Uma visita que segundo Olavo Correia visa garantir um “quadro de cooperação, que vai permitir que haja condições para formar jovens em Cabo Verde”, nomeadamente na área da metalomecânica, existindo um “quadro financeiro definido”.

“Também criará oportunidades de emprego em Portugal, [um país] que precisa de mão-de-obra qualificada. Queremos colocar jovens cabo-verdianos a trabalhar em Portugal, tendo a qualificação adequada para o efeito”, salientou em entrevista à Agência Lusa.

Olavo Correia defendeu que “antes de construir estradas e portos”, a prioridade do Estado “deve ser investir na formação e qualificação profissional dos jovens”.

“É um investimento que vale sempre a pena e que tem sempre retorno. Cabo Verde vai fazer um esforço para que todos os jovens que queiram ter uma formação profissional a possam ter, independentemente da condição financeira dos pais”, garantiu o governante.

O arquipélago tem como âncora económica o turismo, mas o governo pretende “diversificar a economia”, porque depender de um só sector torna o país “vulnerável”.

“Queremos aproveitar o turismo como escala para termos a indústria a funcionar, os transportes aéreos, os sistemas financeiros, as tecnologias e a comunicação para termos jovens cabo-verdianos empregados como contabilistas, engenheiros, arquitetos, pilotos, marinheiros, juristas, advogados ou gestores, bem remunerados e com uma vida melhor. É necessária uma economia diversificada com novas oportunidades”, acrescentou.

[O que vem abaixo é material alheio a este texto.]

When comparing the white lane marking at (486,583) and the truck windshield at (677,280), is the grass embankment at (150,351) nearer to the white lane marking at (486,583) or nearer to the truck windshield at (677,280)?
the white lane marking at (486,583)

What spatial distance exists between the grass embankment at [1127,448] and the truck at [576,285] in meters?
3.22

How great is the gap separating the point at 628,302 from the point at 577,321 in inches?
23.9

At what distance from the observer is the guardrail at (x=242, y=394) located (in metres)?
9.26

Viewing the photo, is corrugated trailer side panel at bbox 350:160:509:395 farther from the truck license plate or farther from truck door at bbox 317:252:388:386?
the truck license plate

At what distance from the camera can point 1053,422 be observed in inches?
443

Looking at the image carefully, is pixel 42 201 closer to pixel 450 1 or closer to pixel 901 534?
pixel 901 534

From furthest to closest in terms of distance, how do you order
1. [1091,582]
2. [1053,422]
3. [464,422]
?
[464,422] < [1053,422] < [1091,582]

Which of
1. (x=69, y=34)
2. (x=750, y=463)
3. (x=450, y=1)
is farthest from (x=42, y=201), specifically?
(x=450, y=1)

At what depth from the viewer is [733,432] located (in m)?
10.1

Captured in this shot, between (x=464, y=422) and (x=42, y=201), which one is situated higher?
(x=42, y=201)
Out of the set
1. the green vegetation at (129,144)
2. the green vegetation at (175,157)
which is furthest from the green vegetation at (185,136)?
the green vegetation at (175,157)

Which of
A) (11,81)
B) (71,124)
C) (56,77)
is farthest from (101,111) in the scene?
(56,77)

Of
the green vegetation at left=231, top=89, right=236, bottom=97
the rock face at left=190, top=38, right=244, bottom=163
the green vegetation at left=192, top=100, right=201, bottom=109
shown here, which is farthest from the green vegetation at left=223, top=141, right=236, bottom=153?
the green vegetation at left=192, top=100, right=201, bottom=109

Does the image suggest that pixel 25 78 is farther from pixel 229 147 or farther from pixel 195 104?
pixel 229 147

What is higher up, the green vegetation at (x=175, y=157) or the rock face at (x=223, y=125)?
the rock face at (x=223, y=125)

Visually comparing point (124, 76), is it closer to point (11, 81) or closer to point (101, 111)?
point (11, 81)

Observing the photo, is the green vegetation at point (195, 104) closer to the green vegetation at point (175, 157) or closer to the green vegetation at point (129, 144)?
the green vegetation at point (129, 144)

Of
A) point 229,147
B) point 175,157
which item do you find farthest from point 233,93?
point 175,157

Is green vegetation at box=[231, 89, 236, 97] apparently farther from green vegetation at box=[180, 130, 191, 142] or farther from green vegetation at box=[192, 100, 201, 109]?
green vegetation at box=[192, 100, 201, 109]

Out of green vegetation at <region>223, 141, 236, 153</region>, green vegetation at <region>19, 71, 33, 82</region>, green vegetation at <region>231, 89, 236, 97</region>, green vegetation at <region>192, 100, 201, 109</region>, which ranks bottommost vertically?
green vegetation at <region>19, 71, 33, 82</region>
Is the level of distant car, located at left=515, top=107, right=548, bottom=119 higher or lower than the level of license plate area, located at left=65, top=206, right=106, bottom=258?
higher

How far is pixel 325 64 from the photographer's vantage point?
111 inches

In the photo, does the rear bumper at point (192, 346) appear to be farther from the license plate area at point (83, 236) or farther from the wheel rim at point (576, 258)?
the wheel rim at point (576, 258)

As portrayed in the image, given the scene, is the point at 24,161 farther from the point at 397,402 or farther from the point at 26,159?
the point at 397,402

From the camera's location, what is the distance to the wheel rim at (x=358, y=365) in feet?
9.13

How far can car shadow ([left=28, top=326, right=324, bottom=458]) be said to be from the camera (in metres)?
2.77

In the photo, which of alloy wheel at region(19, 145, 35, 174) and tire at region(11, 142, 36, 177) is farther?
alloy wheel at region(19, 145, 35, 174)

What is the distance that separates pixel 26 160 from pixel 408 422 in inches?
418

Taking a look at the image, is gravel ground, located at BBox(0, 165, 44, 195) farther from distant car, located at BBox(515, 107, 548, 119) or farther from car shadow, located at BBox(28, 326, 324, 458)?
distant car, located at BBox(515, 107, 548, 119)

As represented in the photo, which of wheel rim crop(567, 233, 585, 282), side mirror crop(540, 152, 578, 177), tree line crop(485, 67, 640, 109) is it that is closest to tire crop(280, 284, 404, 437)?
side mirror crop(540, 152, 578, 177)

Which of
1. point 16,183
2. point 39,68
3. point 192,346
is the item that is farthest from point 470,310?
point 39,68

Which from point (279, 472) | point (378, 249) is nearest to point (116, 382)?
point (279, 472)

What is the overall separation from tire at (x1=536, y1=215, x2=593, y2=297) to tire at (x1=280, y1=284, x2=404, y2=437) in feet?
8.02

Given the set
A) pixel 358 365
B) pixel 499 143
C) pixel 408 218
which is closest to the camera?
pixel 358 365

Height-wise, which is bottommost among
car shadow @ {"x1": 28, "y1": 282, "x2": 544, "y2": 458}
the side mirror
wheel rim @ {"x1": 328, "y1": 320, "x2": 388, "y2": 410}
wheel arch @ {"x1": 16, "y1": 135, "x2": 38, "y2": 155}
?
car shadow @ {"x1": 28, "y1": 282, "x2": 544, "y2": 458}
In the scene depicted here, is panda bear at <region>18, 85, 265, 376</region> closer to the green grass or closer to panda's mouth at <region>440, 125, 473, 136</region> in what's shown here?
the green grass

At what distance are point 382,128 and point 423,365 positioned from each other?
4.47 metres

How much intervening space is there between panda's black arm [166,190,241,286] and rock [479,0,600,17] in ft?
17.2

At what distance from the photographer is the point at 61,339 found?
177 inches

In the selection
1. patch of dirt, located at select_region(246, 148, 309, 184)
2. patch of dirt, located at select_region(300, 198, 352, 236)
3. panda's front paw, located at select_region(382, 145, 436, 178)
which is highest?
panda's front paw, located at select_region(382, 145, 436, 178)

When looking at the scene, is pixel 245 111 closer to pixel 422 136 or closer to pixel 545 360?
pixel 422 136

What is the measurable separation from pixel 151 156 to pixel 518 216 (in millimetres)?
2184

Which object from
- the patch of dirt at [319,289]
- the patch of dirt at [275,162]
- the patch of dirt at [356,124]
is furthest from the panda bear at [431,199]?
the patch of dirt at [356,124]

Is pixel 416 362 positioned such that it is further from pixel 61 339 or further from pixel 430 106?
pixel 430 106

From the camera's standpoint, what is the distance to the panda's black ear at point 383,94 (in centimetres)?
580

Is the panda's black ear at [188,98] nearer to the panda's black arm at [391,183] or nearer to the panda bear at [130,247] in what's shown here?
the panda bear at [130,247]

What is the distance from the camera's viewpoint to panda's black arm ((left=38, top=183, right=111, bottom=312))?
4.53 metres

Considerando que este é um concelho “industrial”, Olavo Correia afirmou que pretende “aprender a adaptar e adaptar a aprender”.

“Queremos aprender com a Marinha Grande e adaptar esse conhecimento a Cabo Verde para poder criar mais oportunidades para os nossos jovens”, disse.

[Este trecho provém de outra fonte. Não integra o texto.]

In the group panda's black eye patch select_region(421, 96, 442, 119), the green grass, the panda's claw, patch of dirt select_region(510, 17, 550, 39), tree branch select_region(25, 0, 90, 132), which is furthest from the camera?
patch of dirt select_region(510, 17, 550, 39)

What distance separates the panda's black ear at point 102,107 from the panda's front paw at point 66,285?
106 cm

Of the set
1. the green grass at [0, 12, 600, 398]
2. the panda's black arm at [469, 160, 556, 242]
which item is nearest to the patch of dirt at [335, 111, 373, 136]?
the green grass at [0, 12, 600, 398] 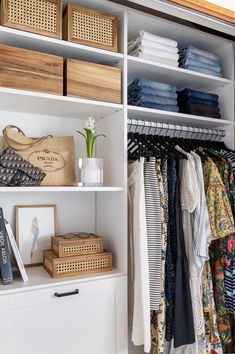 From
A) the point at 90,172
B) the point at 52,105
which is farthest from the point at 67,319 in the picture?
the point at 52,105

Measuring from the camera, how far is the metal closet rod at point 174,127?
5.56 ft

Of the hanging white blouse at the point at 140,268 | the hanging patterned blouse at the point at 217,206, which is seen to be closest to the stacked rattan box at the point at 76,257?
the hanging white blouse at the point at 140,268

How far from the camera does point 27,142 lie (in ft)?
5.13

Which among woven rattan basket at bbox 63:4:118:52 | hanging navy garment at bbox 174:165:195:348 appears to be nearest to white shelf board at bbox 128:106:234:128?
woven rattan basket at bbox 63:4:118:52

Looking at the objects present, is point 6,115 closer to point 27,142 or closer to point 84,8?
point 27,142

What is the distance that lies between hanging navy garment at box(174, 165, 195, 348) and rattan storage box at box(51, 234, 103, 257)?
0.42 meters

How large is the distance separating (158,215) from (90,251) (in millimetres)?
399

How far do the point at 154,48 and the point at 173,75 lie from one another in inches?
9.0

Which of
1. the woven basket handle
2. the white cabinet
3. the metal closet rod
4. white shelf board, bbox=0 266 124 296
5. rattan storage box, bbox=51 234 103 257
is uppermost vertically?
the metal closet rod

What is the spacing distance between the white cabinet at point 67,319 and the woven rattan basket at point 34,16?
121 centimetres

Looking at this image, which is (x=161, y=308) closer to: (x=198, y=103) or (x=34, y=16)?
(x=198, y=103)

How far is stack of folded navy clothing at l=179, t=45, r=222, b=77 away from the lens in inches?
72.5

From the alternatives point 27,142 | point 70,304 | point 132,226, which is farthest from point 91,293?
point 27,142

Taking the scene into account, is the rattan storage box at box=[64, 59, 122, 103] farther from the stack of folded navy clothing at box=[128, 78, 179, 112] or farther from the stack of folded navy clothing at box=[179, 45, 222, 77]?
the stack of folded navy clothing at box=[179, 45, 222, 77] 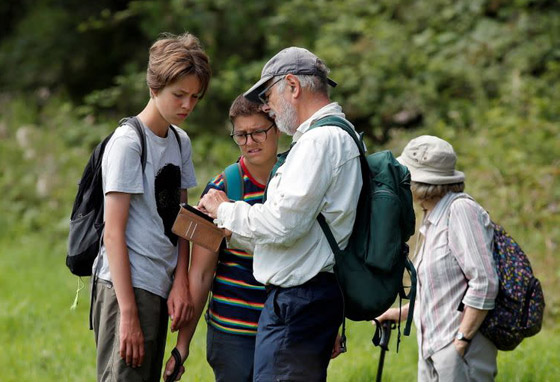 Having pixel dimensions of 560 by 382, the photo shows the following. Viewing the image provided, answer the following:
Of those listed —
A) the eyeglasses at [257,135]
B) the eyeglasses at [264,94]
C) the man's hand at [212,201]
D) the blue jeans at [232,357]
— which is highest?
the eyeglasses at [264,94]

Marinha Grande é considerado líder no sector da metalomecânica em Portugal. Um sector que representa 30 por cento (%) das exportações portuguesas e que emprega mais de 230.000 pessoas.

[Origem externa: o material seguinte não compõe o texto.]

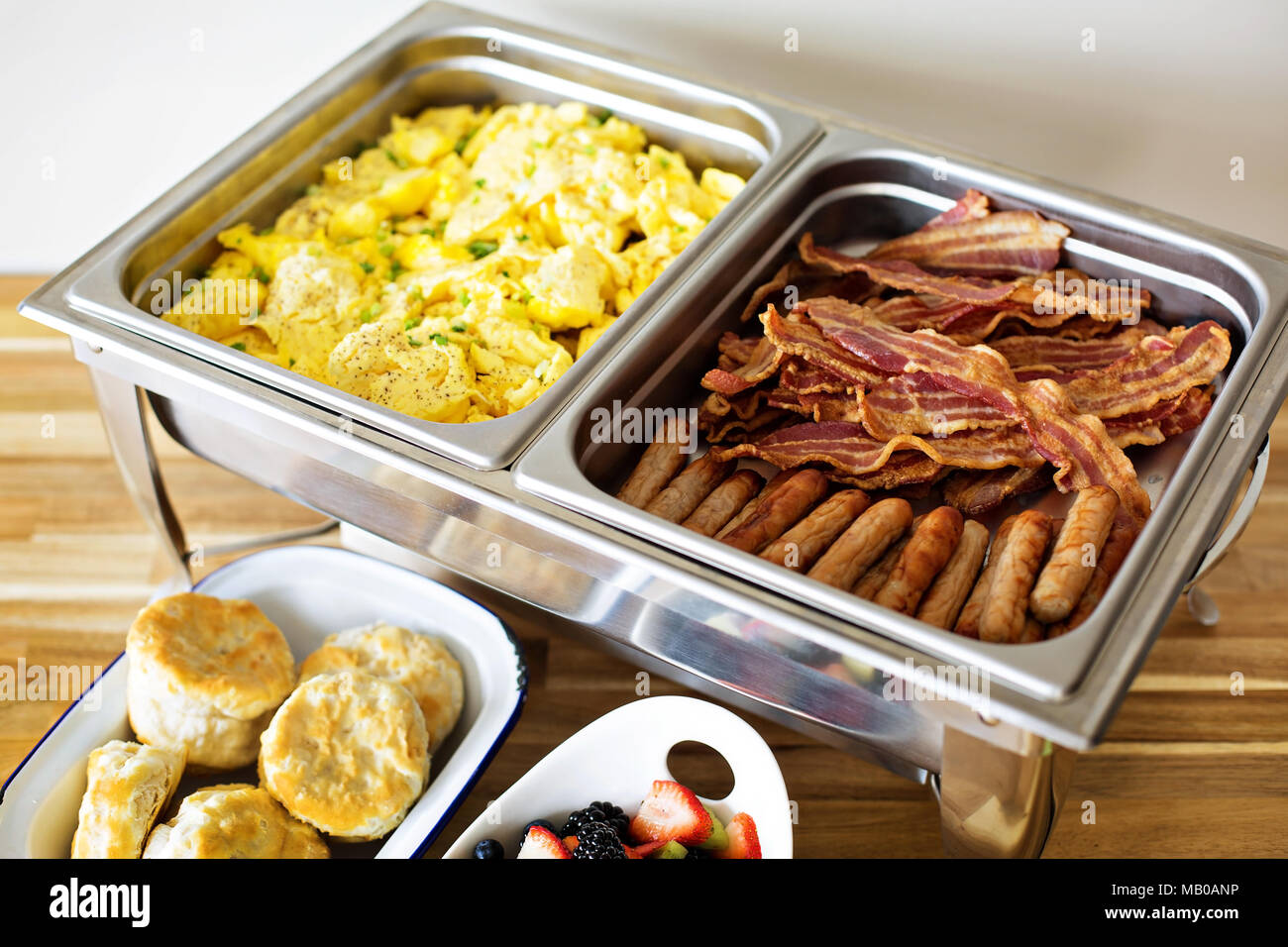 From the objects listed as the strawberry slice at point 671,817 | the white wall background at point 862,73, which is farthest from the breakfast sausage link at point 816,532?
the white wall background at point 862,73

De acordo com a agenda, durante a sua estada em Marinha Grande, Olavo Correia e comitiva, que integrou ainda o presidente da Pró-Empresa, visitou a incubadora de empresas OPEN, o Centro Tecnológico da Indústria de Moldes, Ferramentas Especiais e Plásticos, o Centro de Desenvolvimento Rápido e Sustentado de Produto (Unidade de Investigação Científica) do Politécnico de Leiria dedicada à indústria e biotecnologia e a fábrica de vidros “Gallo Vidro”.